There are too many awesome projects to list here, I left out some other interesting projects like to keep this article reasonably short. You can always check CoinMarketCap yourself and find more projects.

So what now?
We have seen the power of blockchain and the positive sides of the crypto world, so we have to conduct a reality check and look at the "dark side of crypto". The most important problem that urgently requires solving is the power consumption. This page shows bitcoins power consumption:


The power consumption at the moment of typing is comparable to all of Switzerland. One single transaction can power about 32 US households for a day. On the other hand, this article compares the current banks and VISA's power consumption versus Bitcoin. It shows a rough estimate of all power consumption by the current banking system worldwide, which is of course more than bitcoin, but banks won't be completely replaced by Bitcoin. There will still be buildings and computers that need to be powered, even though the work on them will probably change.

The problem mainly exists because of the current financial incentive generated by what is called mining in the crypto world (also known as Proof Of Work). Users offer their computational power to compute the solution to a cryptographic problem for the next transaction (where many gamers expressed outrage, for whom graphics cards became an expensive purchase). If only there was another solution readily available for Byzantine fault tolerance.. Luckily some projects already adapted POS (Proof Of Stake) methodology, where users can stake to be a decision node on the network. Examples like Ethereum's Sharding and NEO's DBFT give me hope for a more eco-friendly solution.

A second problem is found when looking at the current state of the crypto world. There are currently around 1600 currencies in existense, of which most projects will completely fail, or are complete scams. This seems to be comparable to the dot-com bubble, where many internet startups went bankrupt when the market collapsed.

Finally I see the statement "crypto makes money laundering way too easy" a lot. Guess when a similar statement also appeared: when everyone was speculating about the invention called "the internet". I can't say it isn't a problem, but removing all privacy from the crypto space isn't the solution either.

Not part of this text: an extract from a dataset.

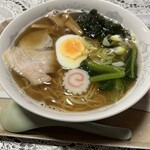 ま心 えんどう  - 手打ち 醤油ラーメン　¥850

But you promised a discussion
Now that I have overloaded you with information, let's dive even deeper. Why does this technology exist? Why did Satoshi Nakamoto (creator of Blockchain and Bitcoin) publish this paper anonymously, and dissapeared? There are a lot of unanswered questions in this space, and I can't wait to see the documentary on the crypto space a decade from now.

Would you say that this technology is predetermined? This article lists a good reason why such an evolution was a logical step (using technology to lower the economic cost). After all, the technology was already predicted in 1999.

Put yourself in Satoshi Nakamoto's place for a moment. Would you go public? I think he has enough reason to stay anonymous. Going public might make him responsible for oppressing the government or banking systems. On the upside, you have a lot of Bitcoin..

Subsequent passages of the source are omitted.